Xiaomi has unveiled three new large models under its MiMo V2 banner — a trillion‑parameter base model tuned for agent workflows (MiMo‑V2‑Pro), a full‑modal agent (MiMo‑V2‑Omni) and a high‑fidelity speech synthesiser (MiMo‑V2‑TTS) — signalling a deliberate move by a major device maker to own both the underlying model stack and the agent layer that sits above it.
The launch clarifies a recent market mystery: two anonymous models that dominated API call charts on OpenRouter under the names Hunter Alpha and Healer Alpha were in fact early test versions of Xiaomi’s new models. Xiaomi is making those early builds available to developers via OpenRouter and is offering limited free access and integration support through several agent frameworks, a strategy designed to jump‑start third‑party experimentation.
MiMo‑V2‑Pro is Xiaomi’s flagship. The model package exceeds one trillion parameters in total and exposes an active working set of about 42 billion parameters; it supports one‑million token context windows and has been tuned for complex, multi‑step tool use, long‑range planning and automated workflow orchestration. Benchmarks place it among the global top ten on Artificial Analysis and near contemporary high‑end models on agent and programming tasks, while Xiaomi’s published API pricing is a fraction of comparable commercial offerings — a clear competitive lever aimed at developers.
MiMo‑V2‑Omni targets real‑world, cross‑modal agent tasks. It ingests text, vision and audio, handles long continuous audio, multi‑speaker separation and audio‑visual reasoning, and claims superior performance on several audio and video benchmarks versus leading multimodal models. Xiaomi demonstrates Omni performing shopping research, price‑comparison and automated interaction with web services and offices suites, showing how an agent can carry tasks end‑to‑end from discovery to purchase.
MiMo‑V2‑TTS is marketed as an agent‑ready text‑to‑speech model trained on "over hundreds of millions of hours" of speech data using Xiaomi’s Audio Tokenizer and a multi‑codebook speech‑text architecture. The model emphasises controllable, fine‑grained prosody, dialect support and role‑based voice acting, including singing, and is positioned to give agents a more natural, expressive voice.
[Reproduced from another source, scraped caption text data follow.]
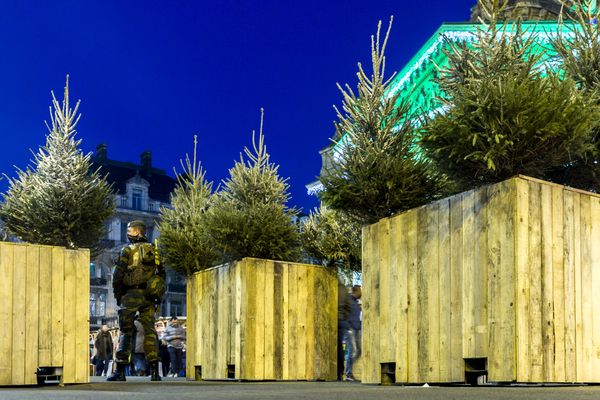 A serviceman patrols on the Grand-Place (Groote Markt) during the winter wonders Christmas market, in Brussels - Sputnik International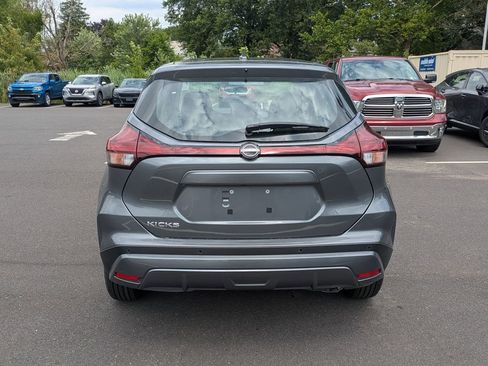 New 2025 Nissan Kicks Play S image 5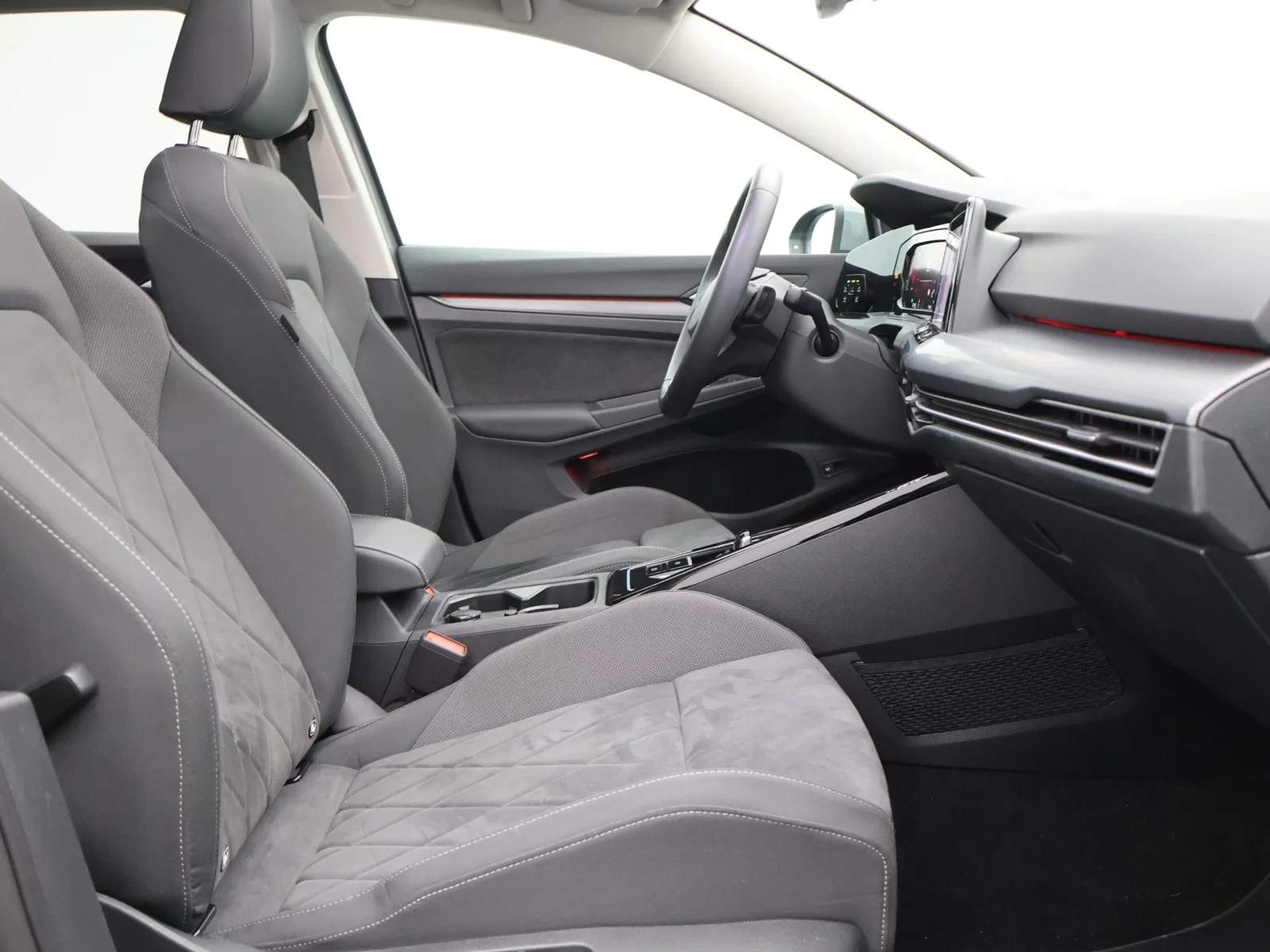 Volkswagen Golf VIII eHybrid (PHEV) Golf Style Business Premium 1.4TSI eHybrid PHEV 204PK *AUTOMAAT*PANODAK*ALCANTARA*CAMERA*PDC*ACC*NAV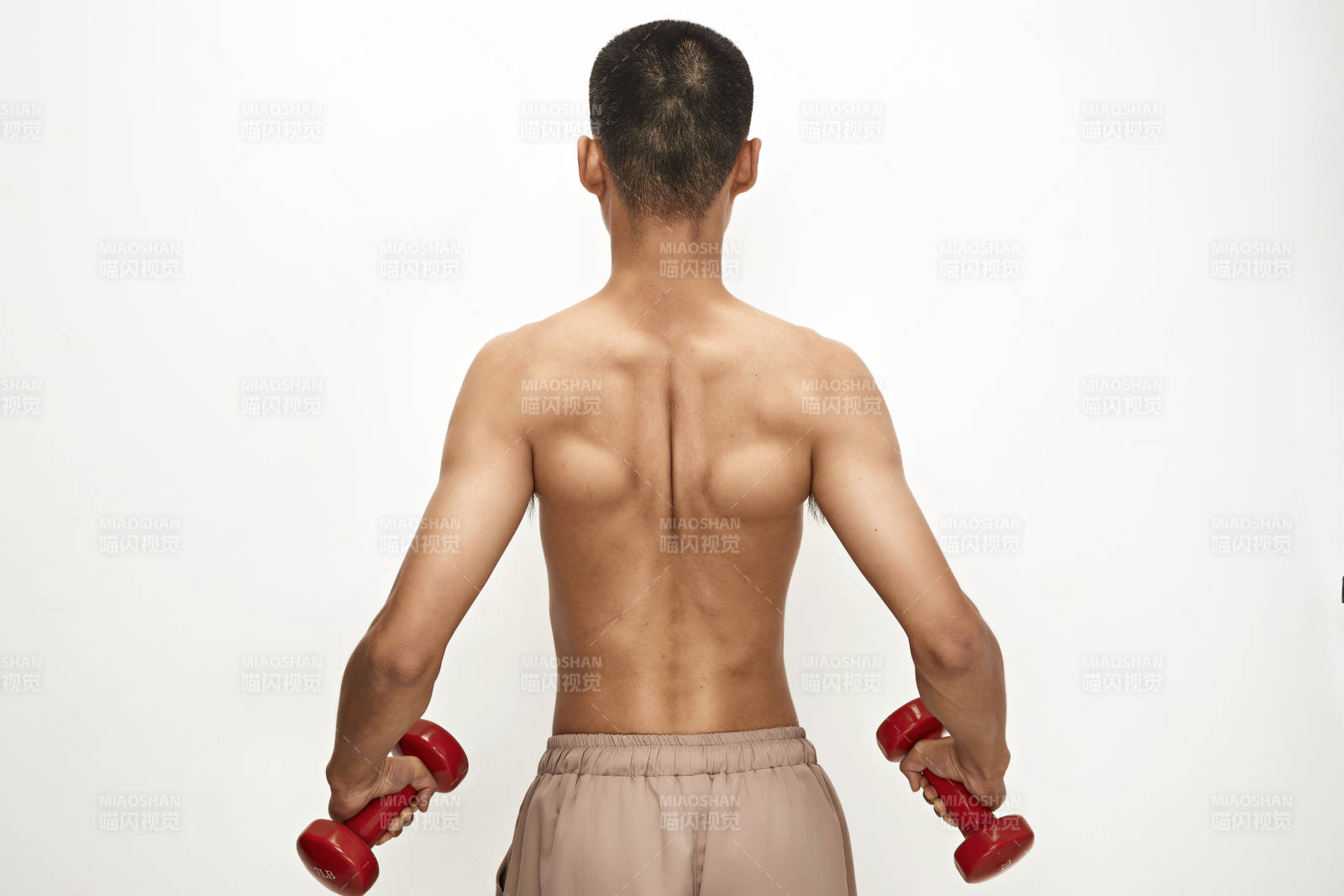 使用啞鈴進行健身鍛煉的亞洲男性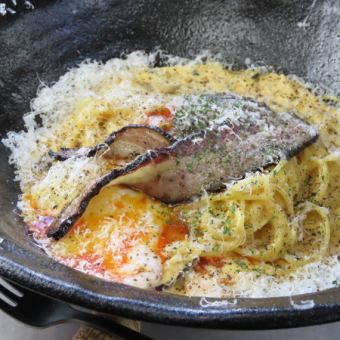 Carbonara of charcoal-grilled bacon
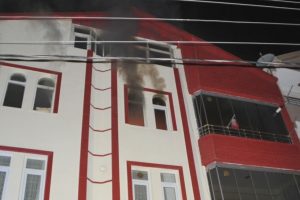 D&uuml;d&uuml;kl&uuml; tencere evi yaktı: 2 yaralı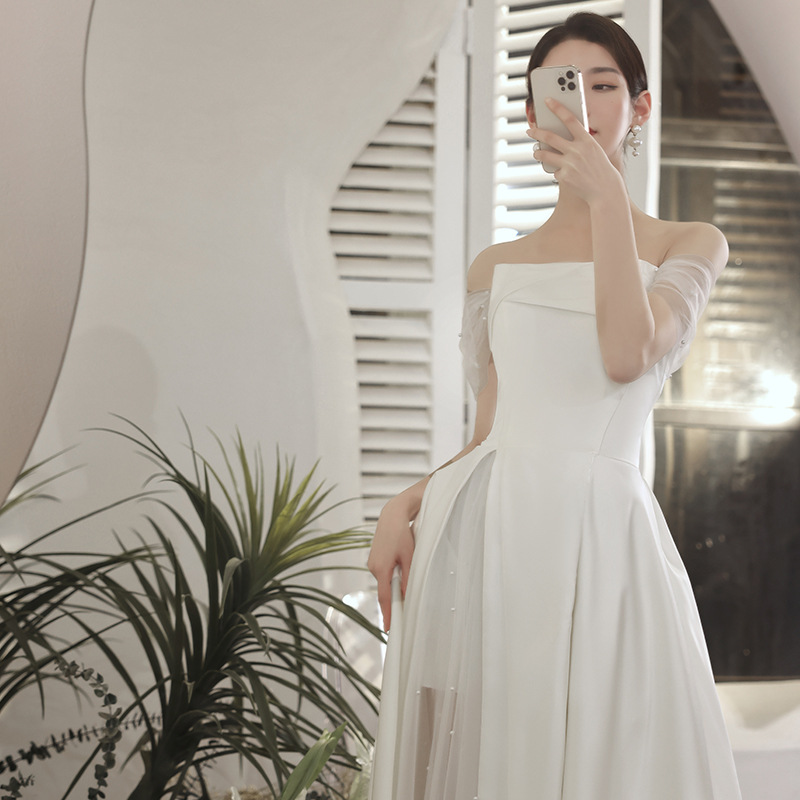 Abito da sposa leggero in stil - Photography Natural Lighting recensione e prezzo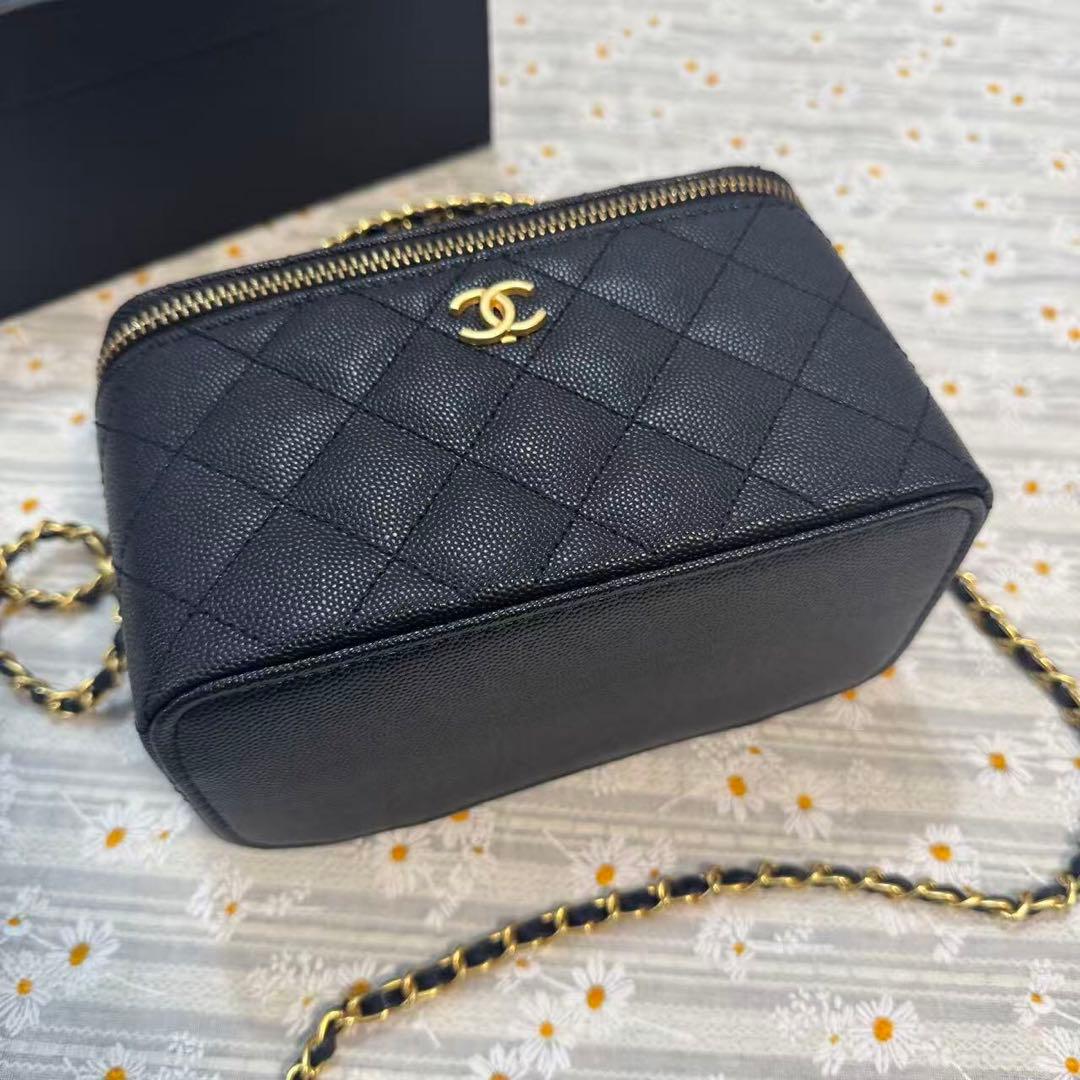 ノベルティ バニティ ショルダーバッグ ブラック VIP限定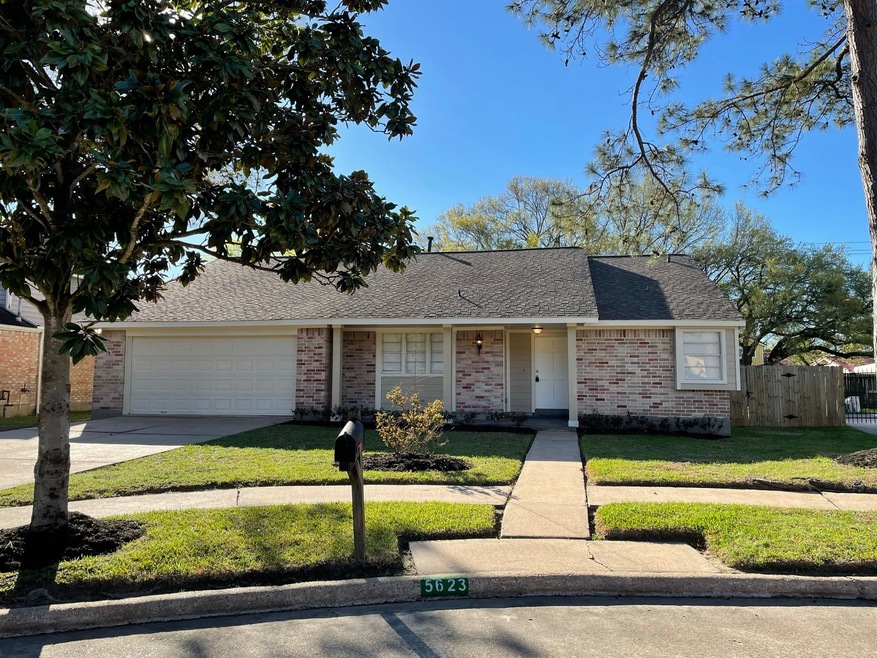 5623 Blackjack Ln, Houston, TX 77088 - photo 1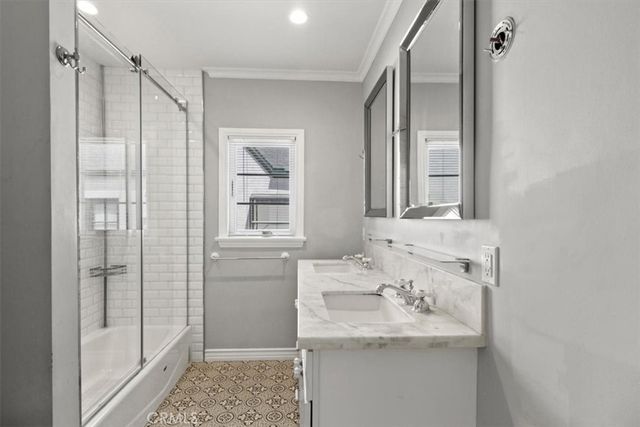 2682 E Villa Street, Pasadena, CA 91107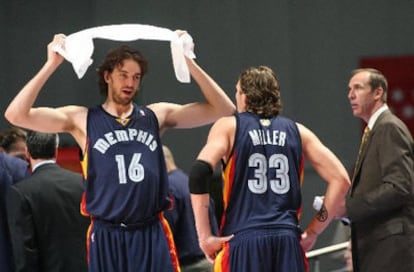 Gasol y Miller, durante el encuentro ante el Estudiantes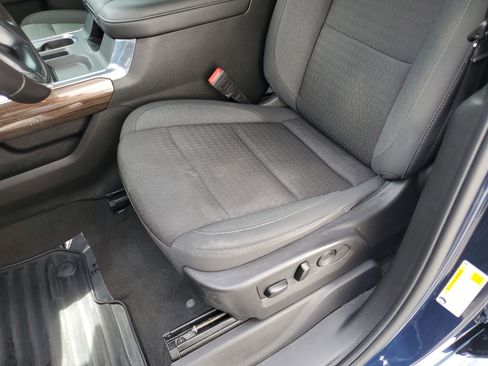 Used 2022 Chevrolet Silverado 1500 LT RWD image 21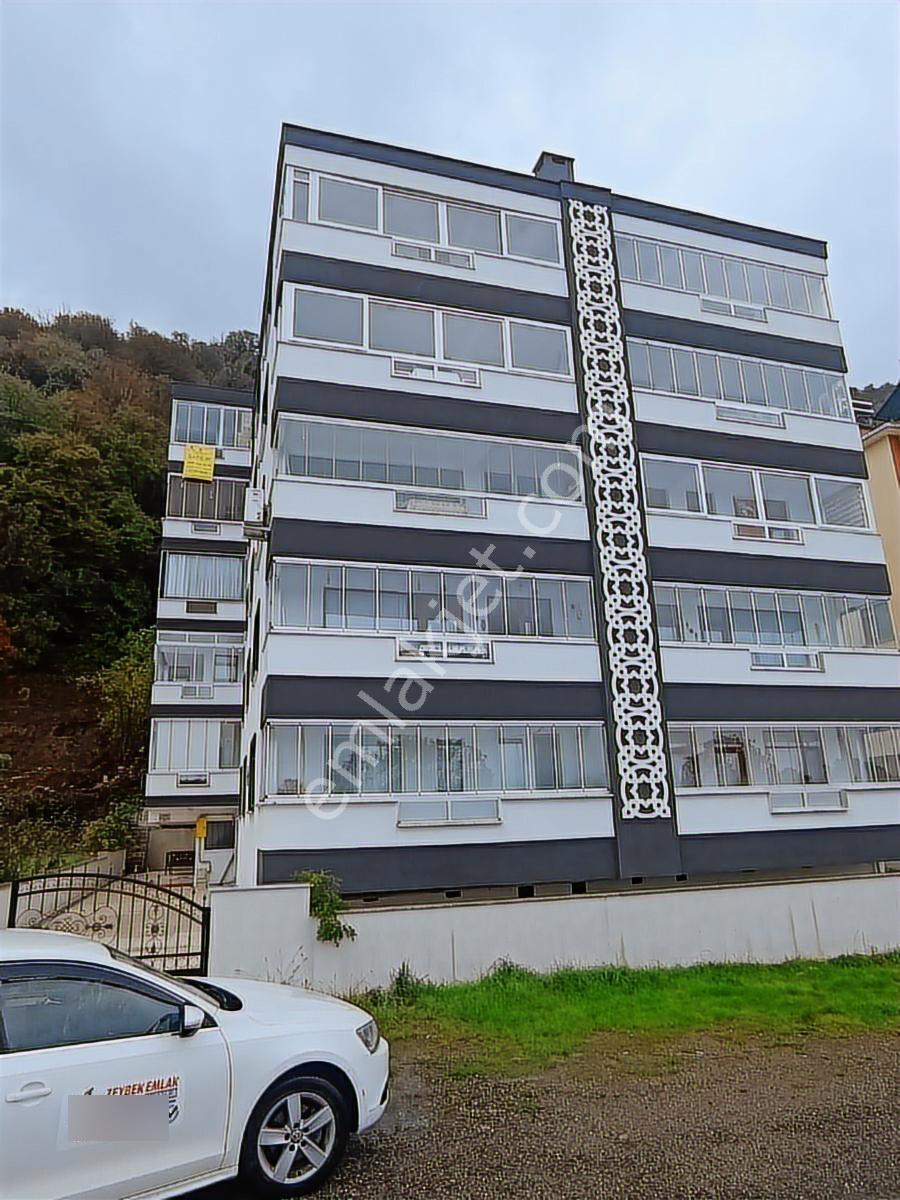Abana Zeybek Emlâk Asansör+doğalgaz Liman .deniz.manzara 115.m2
Xiaomi has also rolled out MiMo Claw, an on‑site agent experience that lets users "raise a shrimp" — the community metaphor for deploying and running agent workflows — with a 30‑minute free session that auto‑destroys data on exit. The company is integrating MiMo into its browser and office ecosystem and plans week‑long free API access to developer frameworks including OpenClaw, OpenCode and others to encourage real‑world agent applications.
The release comes amid intensifying competition in China’s domestic large model market, where Xiaomi’s MiMo‑V2‑Pro ranks behind GLM‑5 and MiniMax in some aggregates but competes closely on agent and programming measures. Xiaomi’s team includes engineers formerly associated with DeepSeek, and the company’s decision to surface early test models under a different name — then claim them — underscores a pragmatic approach to seeding usage and gathering real‑world feedback.
For international audiences the important takeaway is strategic rather than purely technical: Xiaomi is demonstrating that an end‑to‑end device maker can combine large, capable models with product and ecosystem control to deliver lower‑cost, on‑device and cloud‑assisted agent experiences. That combination could reshape where and how advanced AI services are hosted, how they are monetised, and how quickly consumer‑facing agents proliferate beyond niche developer communities.
The rollout also raises familiar questions about governance and safety. Cheap, broadly accessible agent APIs accelerate experimentation but also widen the attack surface for misuse, data leakage and regulatory scrutiny. Xiaomi’s promise that short demo sessions auto‑destroy data is a start, but long‑term deployments that link model outputs to real‑world actions — such as automating purchases, handling accounts or controlling devices — will test current frameworks for model accountability and platform responsibility.
Whether Xiaomi’s pricing and integration strategy forces a recalibration among cloud model providers and rival Chinese teams remains to be seen. For now, the company has laid down a marker: device OEMs can be more than hardware manufacturers — they can be the gatekeepers and enablers of the next generation of practical, task‑oriented AI agents.